Output, verbatim and without pictures, the lines from the first line of the listing through the line containing "Reaper Zipper Port".

-*-

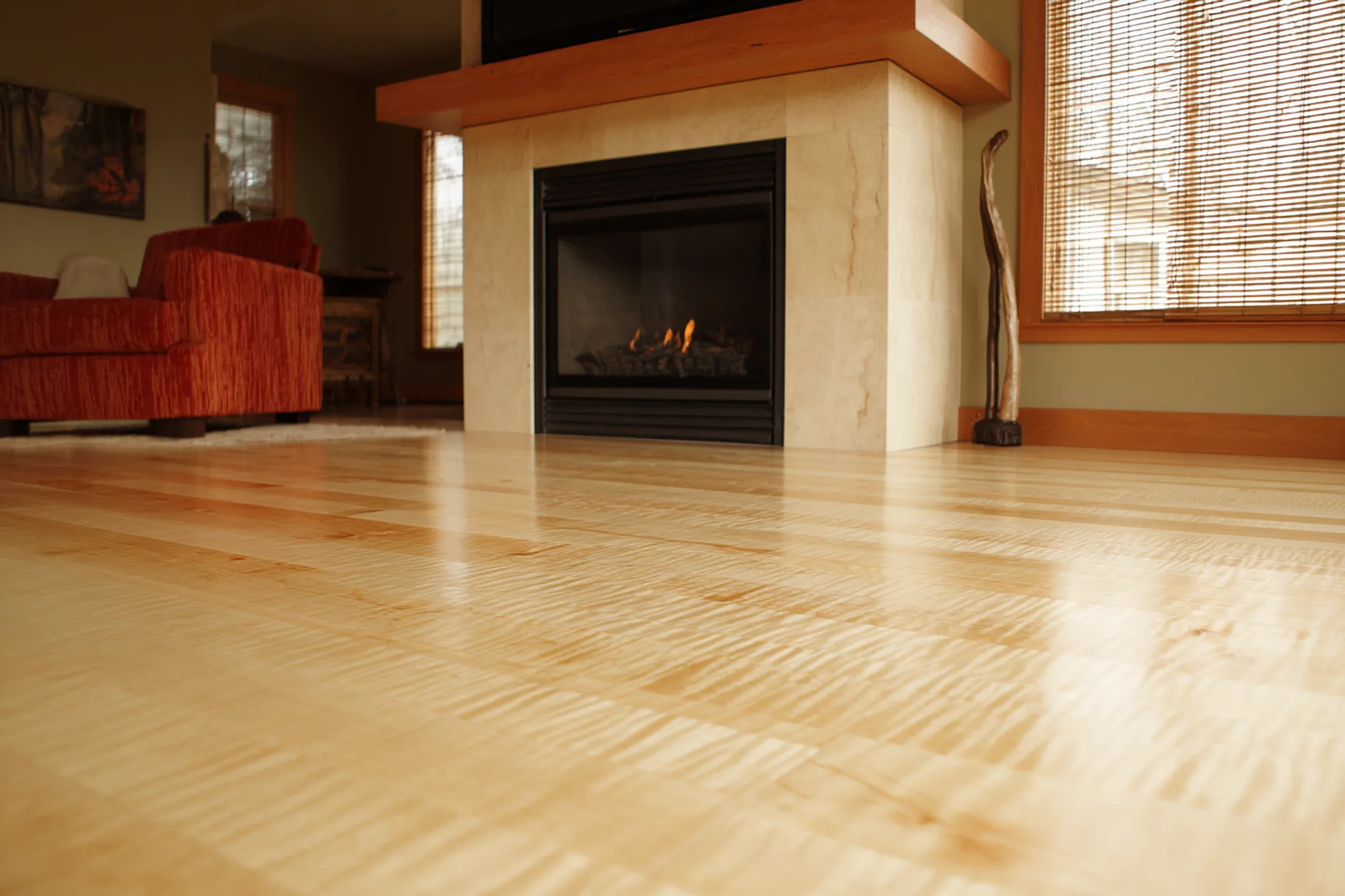 Engineered maple flooring combines elegance and functionality in a stylish package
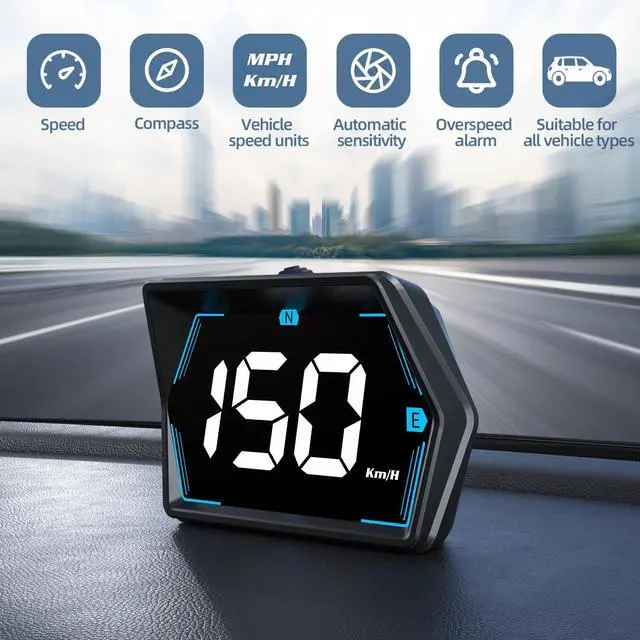 Alt view image 5 of 7 - Universal Car HUD GPS Speedometer G20 Car Heads-up Display Plug and Play with USB Connection,Displays MPH, Comes with Compass Over Speed Alert HD Display Speedometer for All Vehicles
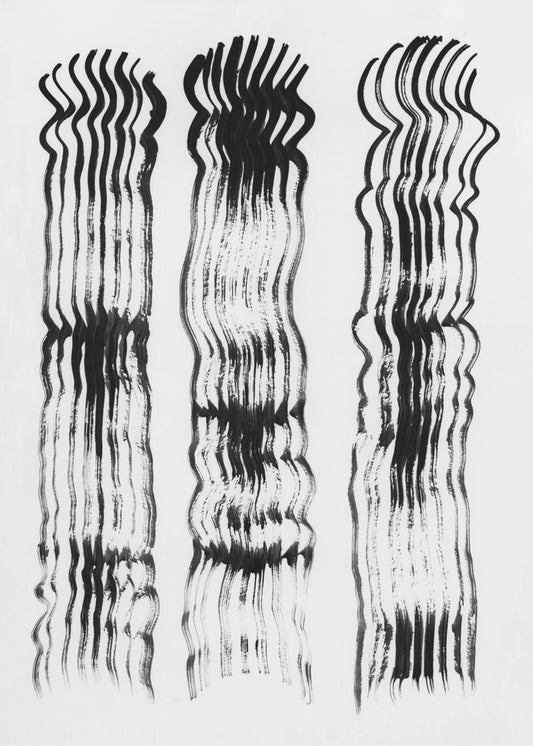 Abstracte penseelstreken lijnen 02 | Poster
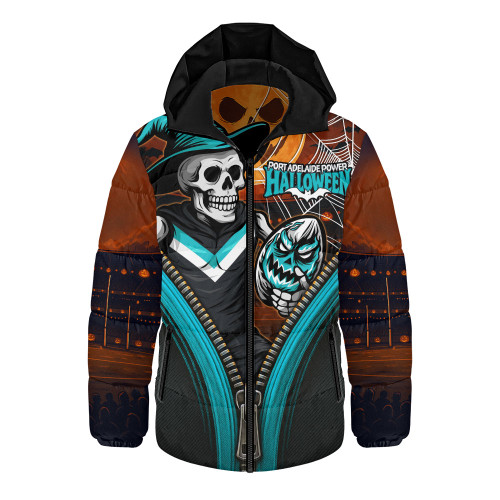 Port Adelaide Hooded Padded Jacket Halloween Night Reaper Zipper Port Adelaide Hooded Padded Jacket Halloween Night Reaper Zipper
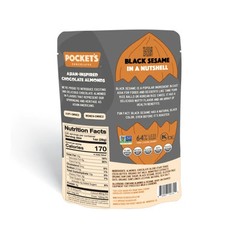 Pocket’s 3.53 oz BLACK SESAME Oat Milk Chocolate Coated Almonds ** BB 12/2025 **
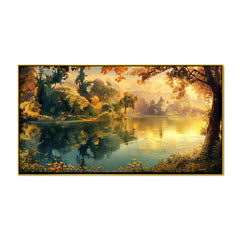 Tranquil Lake Reflection Nature Canvas Wall Painting for Home Décor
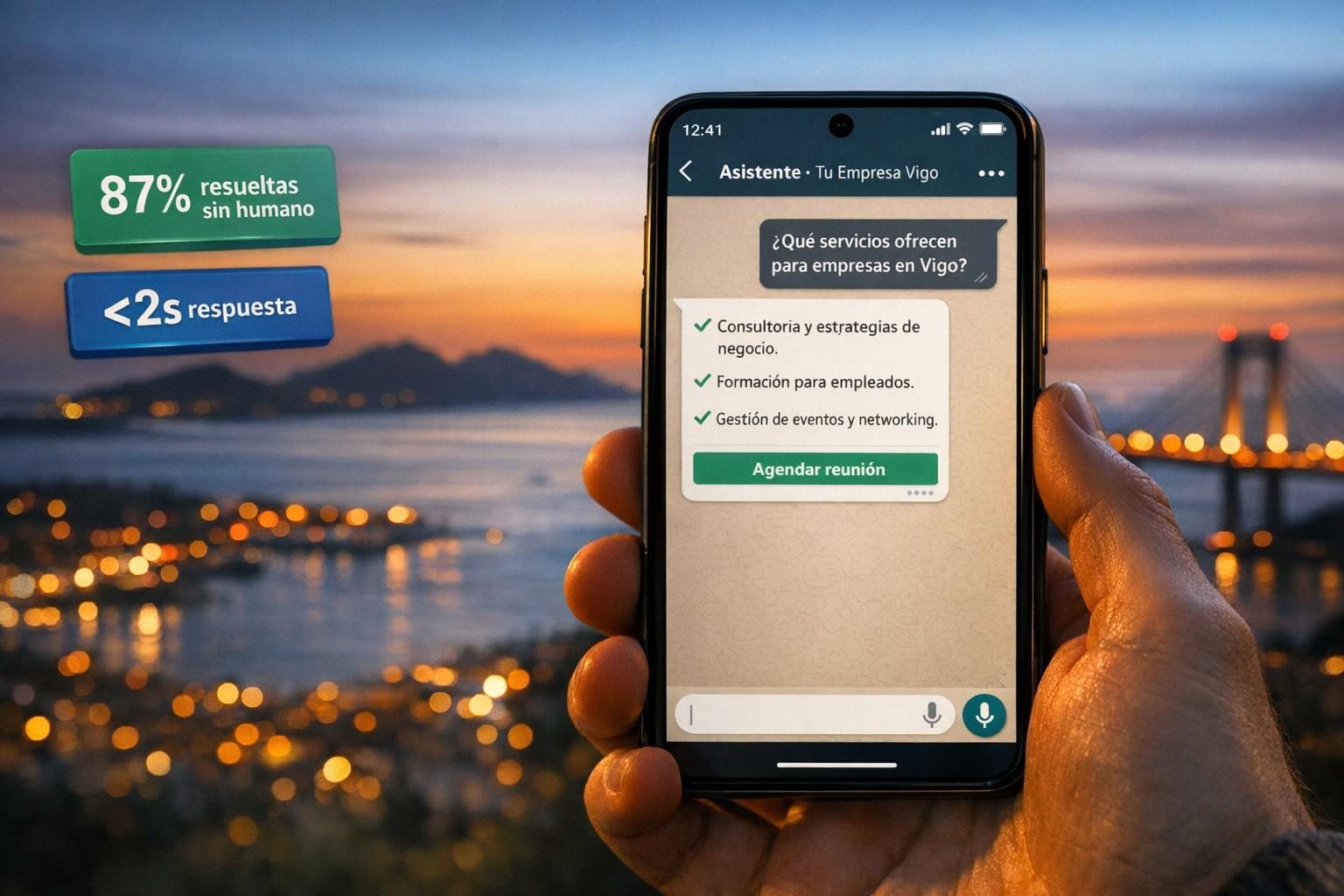 Chatbots IA en Vigo — Chatbots con IA para Empresas en Vigo — Atención 24/7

-*-

◆ Solution to this exercise:
 Engineered maple flooring combines elegance and functionality in a stylish package
 Alt view image 5 of 7 - Universal Car HUD GPS Speedometer G20 Car Heads-up Display Plug and Play with USB Connection,Displays MPH, Comes with Compass Over Speed Alert HD Display Speedometer for All Vehicles
 Abstracte penseelstreken lijnen 02 | Poster
 Port Adelaide Hooded Padded Jacket Halloween Night Reaper Zipper Port Adelaide Hooded Padded Jacket Halloween Night Reaper Zipper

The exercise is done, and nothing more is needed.